Provided records START
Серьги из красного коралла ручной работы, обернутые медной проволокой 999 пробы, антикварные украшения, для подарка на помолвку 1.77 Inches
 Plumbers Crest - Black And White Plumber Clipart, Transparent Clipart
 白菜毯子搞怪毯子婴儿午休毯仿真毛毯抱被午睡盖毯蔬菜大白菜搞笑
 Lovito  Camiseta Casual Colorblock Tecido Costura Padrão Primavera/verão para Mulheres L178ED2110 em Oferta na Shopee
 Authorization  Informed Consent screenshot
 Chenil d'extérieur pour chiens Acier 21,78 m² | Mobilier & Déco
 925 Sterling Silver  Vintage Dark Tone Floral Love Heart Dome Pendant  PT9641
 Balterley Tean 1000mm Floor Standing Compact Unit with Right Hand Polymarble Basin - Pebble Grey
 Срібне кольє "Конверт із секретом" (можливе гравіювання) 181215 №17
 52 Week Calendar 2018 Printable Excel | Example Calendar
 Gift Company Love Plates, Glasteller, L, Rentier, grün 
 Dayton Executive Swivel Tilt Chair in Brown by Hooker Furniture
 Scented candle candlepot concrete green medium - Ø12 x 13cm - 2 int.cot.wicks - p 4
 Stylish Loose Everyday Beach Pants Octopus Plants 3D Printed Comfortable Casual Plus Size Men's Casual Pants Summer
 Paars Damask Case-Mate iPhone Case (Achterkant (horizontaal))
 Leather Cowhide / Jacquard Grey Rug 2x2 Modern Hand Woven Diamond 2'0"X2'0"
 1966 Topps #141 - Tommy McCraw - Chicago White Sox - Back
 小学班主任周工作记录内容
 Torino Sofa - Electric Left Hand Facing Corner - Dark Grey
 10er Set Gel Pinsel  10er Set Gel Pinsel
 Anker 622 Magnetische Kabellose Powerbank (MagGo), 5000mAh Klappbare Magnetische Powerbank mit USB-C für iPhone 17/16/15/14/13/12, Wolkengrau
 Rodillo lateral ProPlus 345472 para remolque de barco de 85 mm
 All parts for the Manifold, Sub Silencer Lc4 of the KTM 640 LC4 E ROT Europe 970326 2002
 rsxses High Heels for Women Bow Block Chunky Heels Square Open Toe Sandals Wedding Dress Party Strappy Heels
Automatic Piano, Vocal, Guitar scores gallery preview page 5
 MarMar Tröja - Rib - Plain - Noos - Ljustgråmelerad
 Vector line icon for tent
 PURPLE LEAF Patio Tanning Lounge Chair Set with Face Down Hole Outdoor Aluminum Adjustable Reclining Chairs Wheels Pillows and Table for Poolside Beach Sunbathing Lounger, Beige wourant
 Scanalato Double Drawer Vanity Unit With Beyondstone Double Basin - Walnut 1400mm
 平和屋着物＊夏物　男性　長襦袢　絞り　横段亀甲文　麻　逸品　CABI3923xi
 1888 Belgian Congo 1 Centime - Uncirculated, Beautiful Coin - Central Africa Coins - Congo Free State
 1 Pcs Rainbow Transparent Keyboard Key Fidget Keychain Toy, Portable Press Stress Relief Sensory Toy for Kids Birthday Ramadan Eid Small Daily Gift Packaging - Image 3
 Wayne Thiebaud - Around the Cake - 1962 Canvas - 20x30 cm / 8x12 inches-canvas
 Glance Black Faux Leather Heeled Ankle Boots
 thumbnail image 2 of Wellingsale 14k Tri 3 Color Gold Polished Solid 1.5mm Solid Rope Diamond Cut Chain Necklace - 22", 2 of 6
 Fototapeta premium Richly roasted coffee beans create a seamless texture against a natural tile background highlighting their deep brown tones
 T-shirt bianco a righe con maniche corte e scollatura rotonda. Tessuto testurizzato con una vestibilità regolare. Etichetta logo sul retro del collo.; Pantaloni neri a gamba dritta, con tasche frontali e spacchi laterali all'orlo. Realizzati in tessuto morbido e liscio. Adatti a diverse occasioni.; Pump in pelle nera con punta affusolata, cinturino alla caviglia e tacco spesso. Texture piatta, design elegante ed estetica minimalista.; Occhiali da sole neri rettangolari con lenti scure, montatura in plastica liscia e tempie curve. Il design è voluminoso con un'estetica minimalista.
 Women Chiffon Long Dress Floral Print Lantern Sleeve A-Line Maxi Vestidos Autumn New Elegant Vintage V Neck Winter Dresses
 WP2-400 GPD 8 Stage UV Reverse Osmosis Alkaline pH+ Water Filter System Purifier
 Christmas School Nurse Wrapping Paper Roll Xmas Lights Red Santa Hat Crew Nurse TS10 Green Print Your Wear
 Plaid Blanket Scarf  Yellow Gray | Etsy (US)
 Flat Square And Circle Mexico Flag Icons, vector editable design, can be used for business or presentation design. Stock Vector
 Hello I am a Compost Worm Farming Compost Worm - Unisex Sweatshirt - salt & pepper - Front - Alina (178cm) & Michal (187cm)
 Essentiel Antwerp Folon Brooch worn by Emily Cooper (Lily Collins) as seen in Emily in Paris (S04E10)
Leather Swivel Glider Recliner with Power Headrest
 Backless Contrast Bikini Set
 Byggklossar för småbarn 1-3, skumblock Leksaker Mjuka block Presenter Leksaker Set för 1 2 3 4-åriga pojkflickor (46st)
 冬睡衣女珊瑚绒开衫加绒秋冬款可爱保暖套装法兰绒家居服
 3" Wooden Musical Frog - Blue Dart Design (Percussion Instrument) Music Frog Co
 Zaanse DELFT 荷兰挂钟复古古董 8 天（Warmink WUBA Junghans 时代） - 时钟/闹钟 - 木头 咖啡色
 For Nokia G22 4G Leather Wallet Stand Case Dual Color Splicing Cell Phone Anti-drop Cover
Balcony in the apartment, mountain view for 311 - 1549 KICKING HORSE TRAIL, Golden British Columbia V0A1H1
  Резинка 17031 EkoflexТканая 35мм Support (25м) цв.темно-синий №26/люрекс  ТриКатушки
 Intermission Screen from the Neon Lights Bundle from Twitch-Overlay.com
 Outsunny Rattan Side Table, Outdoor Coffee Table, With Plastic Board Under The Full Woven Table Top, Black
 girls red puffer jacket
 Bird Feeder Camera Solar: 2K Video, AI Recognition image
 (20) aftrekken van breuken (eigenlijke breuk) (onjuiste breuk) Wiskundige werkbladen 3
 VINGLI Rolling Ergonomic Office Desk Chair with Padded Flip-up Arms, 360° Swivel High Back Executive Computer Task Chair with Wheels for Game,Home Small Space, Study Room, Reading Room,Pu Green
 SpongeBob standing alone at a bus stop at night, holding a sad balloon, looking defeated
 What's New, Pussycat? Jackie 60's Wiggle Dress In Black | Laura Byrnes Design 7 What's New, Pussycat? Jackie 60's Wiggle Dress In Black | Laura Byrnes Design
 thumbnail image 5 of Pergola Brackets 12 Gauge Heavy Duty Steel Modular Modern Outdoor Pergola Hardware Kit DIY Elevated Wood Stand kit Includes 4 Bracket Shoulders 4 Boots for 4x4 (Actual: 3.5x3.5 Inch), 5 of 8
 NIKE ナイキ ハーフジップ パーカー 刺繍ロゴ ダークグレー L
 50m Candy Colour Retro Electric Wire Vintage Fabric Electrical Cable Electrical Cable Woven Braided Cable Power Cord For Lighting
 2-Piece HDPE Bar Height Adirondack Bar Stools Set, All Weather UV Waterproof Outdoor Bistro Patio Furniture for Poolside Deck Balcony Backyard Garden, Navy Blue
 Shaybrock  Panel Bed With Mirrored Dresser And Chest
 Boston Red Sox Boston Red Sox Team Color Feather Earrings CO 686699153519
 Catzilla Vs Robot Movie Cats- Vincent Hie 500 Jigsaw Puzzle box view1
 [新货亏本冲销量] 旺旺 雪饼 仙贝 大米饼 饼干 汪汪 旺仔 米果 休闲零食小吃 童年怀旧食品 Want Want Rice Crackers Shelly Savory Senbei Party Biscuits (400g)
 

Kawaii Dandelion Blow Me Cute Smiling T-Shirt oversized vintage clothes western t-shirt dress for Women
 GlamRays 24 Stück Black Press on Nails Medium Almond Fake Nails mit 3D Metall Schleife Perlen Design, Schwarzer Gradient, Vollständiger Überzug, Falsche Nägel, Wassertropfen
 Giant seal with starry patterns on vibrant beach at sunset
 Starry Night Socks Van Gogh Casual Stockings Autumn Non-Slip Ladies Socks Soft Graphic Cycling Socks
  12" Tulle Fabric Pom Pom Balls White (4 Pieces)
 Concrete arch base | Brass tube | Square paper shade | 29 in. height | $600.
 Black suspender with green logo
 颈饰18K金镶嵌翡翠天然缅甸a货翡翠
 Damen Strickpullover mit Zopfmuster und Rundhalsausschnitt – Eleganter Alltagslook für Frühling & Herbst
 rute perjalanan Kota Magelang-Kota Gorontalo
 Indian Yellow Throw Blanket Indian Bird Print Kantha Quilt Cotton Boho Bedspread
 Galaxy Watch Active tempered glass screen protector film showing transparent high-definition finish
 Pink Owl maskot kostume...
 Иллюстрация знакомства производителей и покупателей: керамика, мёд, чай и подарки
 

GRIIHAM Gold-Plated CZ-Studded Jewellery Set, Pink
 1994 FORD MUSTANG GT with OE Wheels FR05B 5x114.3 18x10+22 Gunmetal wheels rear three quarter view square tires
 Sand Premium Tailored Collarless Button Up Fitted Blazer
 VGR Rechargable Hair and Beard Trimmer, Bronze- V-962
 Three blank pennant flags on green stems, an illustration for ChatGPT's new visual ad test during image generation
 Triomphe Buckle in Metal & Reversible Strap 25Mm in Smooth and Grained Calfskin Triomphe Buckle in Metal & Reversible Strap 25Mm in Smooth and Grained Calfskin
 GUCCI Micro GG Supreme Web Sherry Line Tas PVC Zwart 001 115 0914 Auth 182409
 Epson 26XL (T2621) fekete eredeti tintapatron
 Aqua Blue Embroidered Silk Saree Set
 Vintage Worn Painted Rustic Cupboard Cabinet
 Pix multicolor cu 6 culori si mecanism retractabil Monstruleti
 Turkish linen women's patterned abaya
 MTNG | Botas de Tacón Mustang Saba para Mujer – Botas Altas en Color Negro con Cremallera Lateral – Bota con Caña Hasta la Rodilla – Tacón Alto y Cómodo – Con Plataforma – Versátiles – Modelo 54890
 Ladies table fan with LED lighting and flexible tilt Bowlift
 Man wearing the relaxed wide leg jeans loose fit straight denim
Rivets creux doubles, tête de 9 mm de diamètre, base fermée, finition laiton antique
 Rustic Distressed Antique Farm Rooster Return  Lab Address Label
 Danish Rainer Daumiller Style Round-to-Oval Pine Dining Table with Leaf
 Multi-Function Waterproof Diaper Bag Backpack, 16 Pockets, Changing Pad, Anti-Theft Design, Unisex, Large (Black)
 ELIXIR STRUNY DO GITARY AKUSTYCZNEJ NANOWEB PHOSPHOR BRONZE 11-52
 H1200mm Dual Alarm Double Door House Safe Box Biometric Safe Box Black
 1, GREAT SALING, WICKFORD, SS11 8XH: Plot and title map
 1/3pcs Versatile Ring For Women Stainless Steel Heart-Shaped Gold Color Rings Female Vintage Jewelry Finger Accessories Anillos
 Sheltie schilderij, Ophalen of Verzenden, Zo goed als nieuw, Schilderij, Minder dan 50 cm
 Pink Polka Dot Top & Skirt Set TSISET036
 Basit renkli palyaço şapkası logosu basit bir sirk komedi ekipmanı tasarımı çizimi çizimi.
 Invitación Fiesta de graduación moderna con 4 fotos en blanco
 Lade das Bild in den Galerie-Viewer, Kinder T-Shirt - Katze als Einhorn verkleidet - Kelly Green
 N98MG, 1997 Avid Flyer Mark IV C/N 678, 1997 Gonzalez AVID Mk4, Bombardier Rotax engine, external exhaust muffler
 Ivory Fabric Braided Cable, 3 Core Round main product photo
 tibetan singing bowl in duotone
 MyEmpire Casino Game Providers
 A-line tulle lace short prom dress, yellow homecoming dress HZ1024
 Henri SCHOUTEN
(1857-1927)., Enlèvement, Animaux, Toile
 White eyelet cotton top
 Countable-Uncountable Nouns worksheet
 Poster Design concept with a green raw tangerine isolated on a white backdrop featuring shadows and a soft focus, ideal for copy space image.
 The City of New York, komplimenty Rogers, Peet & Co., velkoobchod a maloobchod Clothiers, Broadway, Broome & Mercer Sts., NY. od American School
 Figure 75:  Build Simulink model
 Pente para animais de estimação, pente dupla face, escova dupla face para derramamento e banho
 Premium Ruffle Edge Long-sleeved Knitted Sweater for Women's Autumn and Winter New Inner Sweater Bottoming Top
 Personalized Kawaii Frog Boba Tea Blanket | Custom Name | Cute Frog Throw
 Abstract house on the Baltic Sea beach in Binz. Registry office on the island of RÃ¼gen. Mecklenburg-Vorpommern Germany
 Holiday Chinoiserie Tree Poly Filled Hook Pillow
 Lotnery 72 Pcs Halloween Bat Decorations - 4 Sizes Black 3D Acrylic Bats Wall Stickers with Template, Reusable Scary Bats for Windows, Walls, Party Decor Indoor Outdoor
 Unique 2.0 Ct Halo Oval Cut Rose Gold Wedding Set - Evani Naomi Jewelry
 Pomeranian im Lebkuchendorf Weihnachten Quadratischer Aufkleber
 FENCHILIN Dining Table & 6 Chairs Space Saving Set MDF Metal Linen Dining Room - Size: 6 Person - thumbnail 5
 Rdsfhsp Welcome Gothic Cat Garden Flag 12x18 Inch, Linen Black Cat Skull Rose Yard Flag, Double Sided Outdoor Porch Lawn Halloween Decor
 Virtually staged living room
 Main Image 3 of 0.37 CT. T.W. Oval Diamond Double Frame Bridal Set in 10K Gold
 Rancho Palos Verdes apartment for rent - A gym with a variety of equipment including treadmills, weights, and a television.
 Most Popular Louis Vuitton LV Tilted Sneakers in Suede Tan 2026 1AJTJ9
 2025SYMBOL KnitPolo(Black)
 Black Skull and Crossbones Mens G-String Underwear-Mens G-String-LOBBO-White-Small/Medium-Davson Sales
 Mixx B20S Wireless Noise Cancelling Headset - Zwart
Provided records END
From the data above, return every line from the line that has "Basit renkli palyaço" up to and including the line that has "Lade das Bild", exactly.

 Basit renkli palyaço şapkası logosu basit bir sirk komedi ekipmanı tasarımı çizimi çizimi.
 Invitación Fiesta de graduación moderna con 4 fotos en blanco
 Lade das Bild in den Galerie-Viewer, Kinder T-Shirt - Katze als Einhorn verkleidet - Kelly Green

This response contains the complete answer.